(Source material)

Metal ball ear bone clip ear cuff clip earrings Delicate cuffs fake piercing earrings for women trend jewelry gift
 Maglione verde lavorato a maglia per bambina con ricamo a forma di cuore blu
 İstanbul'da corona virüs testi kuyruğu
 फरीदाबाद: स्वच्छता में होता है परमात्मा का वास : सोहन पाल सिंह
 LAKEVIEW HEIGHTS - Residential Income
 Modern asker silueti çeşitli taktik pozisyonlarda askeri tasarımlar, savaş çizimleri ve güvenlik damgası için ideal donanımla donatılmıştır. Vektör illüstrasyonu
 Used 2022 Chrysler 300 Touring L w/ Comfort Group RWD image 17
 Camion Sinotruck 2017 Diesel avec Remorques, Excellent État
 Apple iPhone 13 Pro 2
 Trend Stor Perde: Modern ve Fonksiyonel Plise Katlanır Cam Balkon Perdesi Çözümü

(End Source material)

What to produce:
Within the data above, pick out all lines holding the word "Modern".

Answer:
 Modern asker silueti çeşitli taktik pozisyonlarda askeri tasarımlar, savaş çizimleri ve güvenlik damgası için ideal donanımla donatılmıştır. Vektör illüstrasyonu
 Trend Stor Perde: Modern ve Fonksiyonel Plise Katlanır Cam Balkon Perdesi Çözümü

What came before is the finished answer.